● **TASK DESCRIPTION**
A word-for-word copy of the data, with no images, is the required answer.

● **PROVIDED DATA**
★ ★ ★
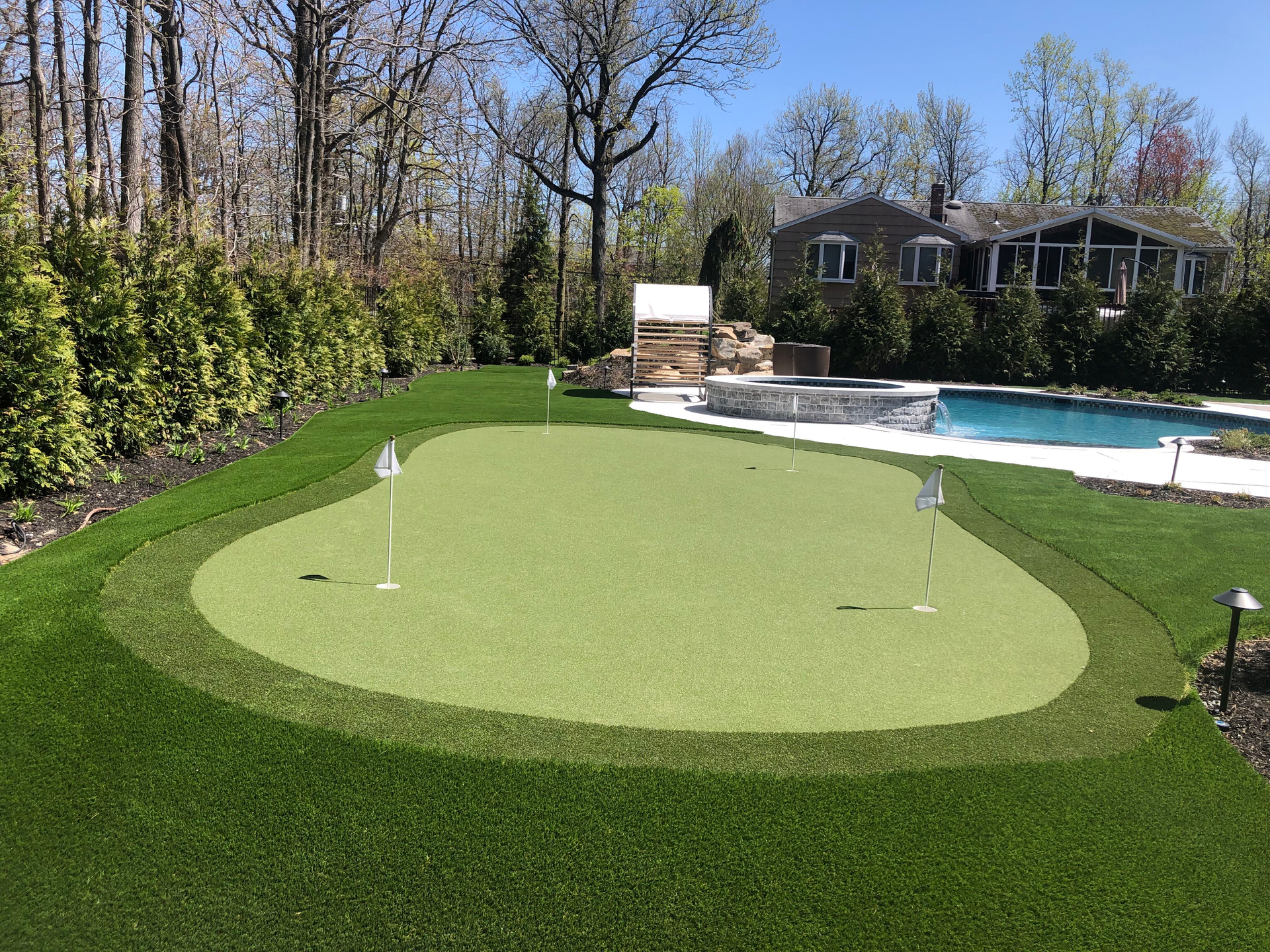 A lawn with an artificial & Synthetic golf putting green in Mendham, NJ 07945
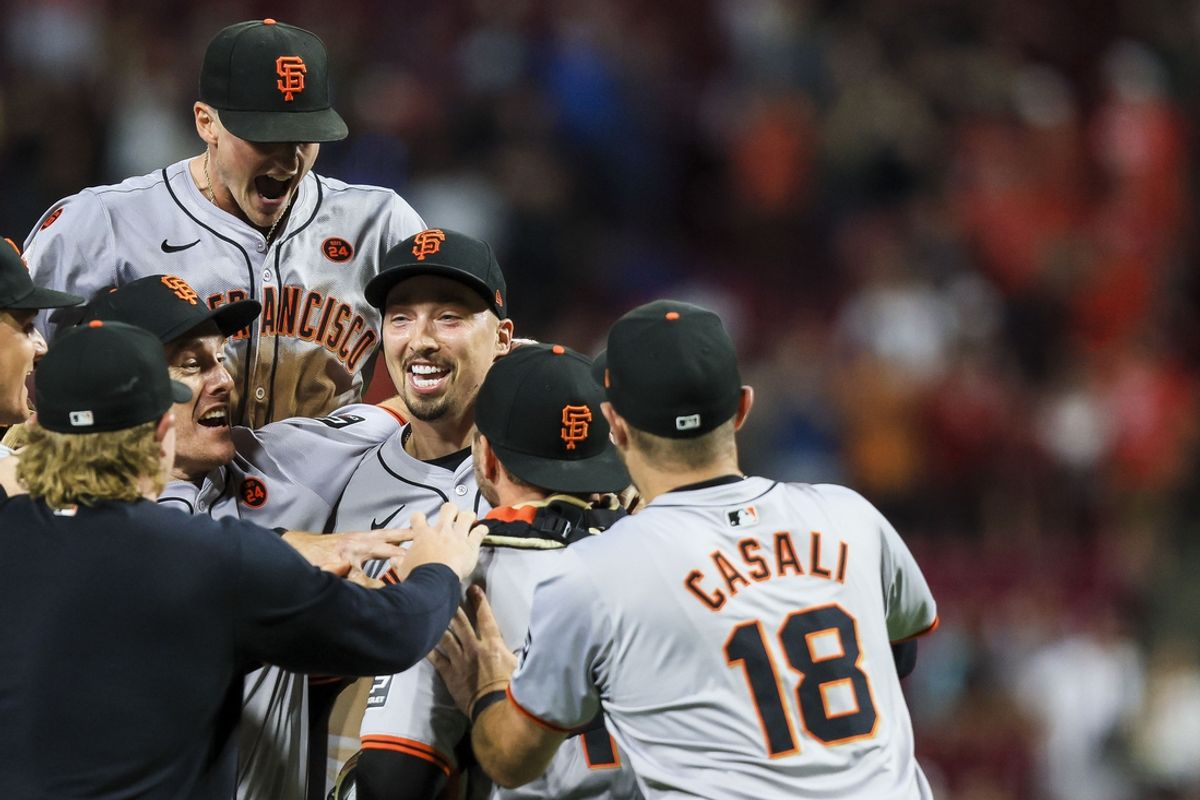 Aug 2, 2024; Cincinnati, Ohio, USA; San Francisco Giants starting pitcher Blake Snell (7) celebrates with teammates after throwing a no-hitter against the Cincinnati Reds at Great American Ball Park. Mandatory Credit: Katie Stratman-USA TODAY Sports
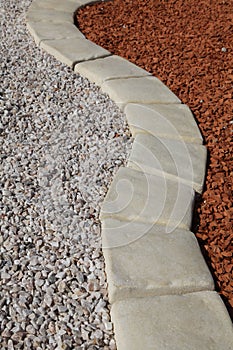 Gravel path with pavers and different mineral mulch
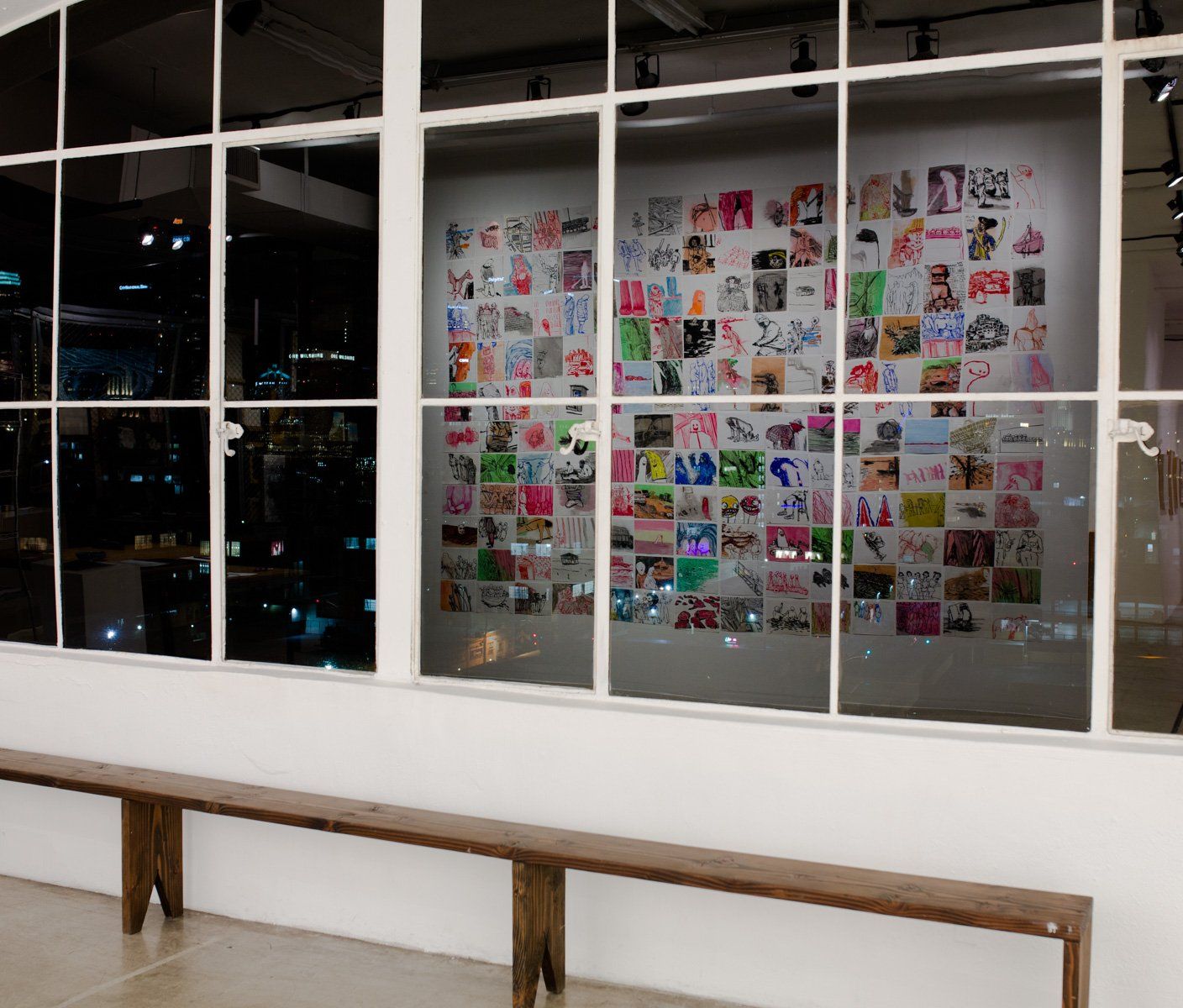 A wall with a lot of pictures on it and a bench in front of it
★ ★ ★
● **SOLUTION FOR THIS PROBLEM**
 A lawn with an artificial & Synthetic golf putting green in Mendham, NJ 07945
 Aug 2, 2024; Cincinnati, Ohio, USA; San Francisco Giants starting pitcher Blake Snell (7) celebrates with teammates after throwing a no-hitter against the Cincinnati Reds at Great American Ball Park. Mandatory Credit: Katie Stratman-USA TODAY Sports
 Gravel path with pavers and different mineral mulch
 A wall with a lot of pictures on it and a bench in front of it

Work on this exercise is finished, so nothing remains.